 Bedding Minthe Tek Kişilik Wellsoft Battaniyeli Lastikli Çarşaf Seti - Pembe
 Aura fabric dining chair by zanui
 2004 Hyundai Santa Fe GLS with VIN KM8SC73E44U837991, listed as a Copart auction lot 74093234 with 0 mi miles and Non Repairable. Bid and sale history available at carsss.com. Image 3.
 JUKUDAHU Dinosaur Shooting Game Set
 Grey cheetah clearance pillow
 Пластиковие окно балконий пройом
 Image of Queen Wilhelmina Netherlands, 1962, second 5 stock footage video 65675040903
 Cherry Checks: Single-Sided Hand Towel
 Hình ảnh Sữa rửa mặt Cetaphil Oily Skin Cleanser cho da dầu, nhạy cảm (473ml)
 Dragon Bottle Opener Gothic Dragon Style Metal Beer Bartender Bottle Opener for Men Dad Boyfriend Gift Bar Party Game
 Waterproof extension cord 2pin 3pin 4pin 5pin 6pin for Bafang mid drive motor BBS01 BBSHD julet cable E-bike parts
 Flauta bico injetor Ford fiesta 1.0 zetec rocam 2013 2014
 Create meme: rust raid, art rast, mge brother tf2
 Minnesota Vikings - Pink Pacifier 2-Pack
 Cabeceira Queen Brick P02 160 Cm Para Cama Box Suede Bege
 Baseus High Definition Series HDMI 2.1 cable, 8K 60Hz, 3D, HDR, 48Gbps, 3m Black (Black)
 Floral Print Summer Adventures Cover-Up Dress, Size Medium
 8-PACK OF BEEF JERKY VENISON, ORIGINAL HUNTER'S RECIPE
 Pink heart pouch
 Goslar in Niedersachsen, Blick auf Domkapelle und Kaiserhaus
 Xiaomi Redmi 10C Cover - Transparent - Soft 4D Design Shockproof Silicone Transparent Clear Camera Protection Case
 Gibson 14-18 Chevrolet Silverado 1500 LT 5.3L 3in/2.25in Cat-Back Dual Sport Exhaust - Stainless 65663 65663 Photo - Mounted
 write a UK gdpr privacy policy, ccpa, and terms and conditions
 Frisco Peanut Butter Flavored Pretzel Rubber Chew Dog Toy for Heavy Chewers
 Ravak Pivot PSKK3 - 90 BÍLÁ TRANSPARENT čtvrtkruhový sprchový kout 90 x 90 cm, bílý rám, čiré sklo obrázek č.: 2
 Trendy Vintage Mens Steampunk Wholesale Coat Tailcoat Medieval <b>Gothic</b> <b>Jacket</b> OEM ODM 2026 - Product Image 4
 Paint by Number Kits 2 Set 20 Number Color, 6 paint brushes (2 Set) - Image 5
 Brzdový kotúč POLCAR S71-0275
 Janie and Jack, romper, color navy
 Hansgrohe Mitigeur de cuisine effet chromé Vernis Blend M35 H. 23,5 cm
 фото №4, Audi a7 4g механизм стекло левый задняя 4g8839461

* [Required action] Each record above must be given again exactly.

* [Result of this task]
 Bedding Minthe Tek Kişilik Wellsoft Battaniyeli Lastikli Çarşaf Seti - Pembe
 Aura fabric dining chair by zanui
 2004 Hyundai Santa Fe GLS with VIN KM8SC73E44U837991, listed as a Copart auction lot 74093234 with 0 mi miles and Non Repairable. Bid and sale history available at carsss.com. Image 3.
 JUKUDAHU Dinosaur Shooting Game Set
 Grey cheetah clearance pillow
 Пластиковие окно балконий пройом
 Image of Queen Wilhelmina Netherlands, 1962, second 5 stock footage video 65675040903
 Cherry Checks: Single-Sided Hand Towel
 Hình ảnh Sữa rửa mặt Cetaphil Oily Skin Cleanser cho da dầu, nhạy cảm (473ml)
 Dragon Bottle Opener Gothic Dragon Style Metal Beer Bartender Bottle Opener for Men Dad Boyfriend Gift Bar Party Game
 Waterproof extension cord 2pin 3pin 4pin 5pin 6pin for Bafang mid drive motor BBS01 BBSHD julet cable E-bike parts
 Flauta bico injetor Ford fiesta 1.0 zetec rocam 2013 2014
 Create meme: rust raid, art rast, mge brother tf2
 Minnesota Vikings - Pink Pacifier 2-Pack
 Cabeceira Queen Brick P02 160 Cm Para Cama Box Suede Bege
 Baseus High Definition Series HDMI 2.1 cable, 8K 60Hz, 3D, HDR, 48Gbps, 3m Black (Black)
 Floral Print Summer Adventures Cover-Up Dress, Size Medium
 8-PACK OF BEEF JERKY VENISON, ORIGINAL HUNTER'S RECIPE
 Pink heart pouch
 Goslar in Niedersachsen, Blick auf Domkapelle und Kaiserhaus
 Xiaomi Redmi 10C Cover - Transparent - Soft 4D Design Shockproof Silicone Transparent Clear Camera Protection Case
 Gibson 14-18 Chevrolet Silverado 1500 LT 5.3L 3in/2.25in Cat-Back Dual Sport Exhaust - Stainless 65663 65663 Photo - Mounted
 write a UK gdpr privacy policy, ccpa, and terms and conditions
 Frisco Peanut Butter Flavored Pretzel Rubber Chew Dog Toy for Heavy Chewers
 Ravak Pivot PSKK3 - 90 BÍLÁ TRANSPARENT čtvrtkruhový sprchový kout 90 x 90 cm, bílý rám, čiré sklo obrázek č.: 2
 Trendy Vintage Mens Steampunk Wholesale Coat Tailcoat Medieval <b>Gothic</b> <b>Jacket</b> OEM ODM 2026 - Product Image 4
 Paint by Number Kits 2 Set 20 Number Color, 6 paint brushes (2 Set) - Image 5
 Brzdový kotúč POLCAR S71-0275
 Janie and Jack, romper, color navy
 Hansgrohe Mitigeur de cuisine effet chromé Vernis Blend M35 H. 23,5 cm
 фото №4, Audi a7 4g механизм стекло левый задняя 4g8839461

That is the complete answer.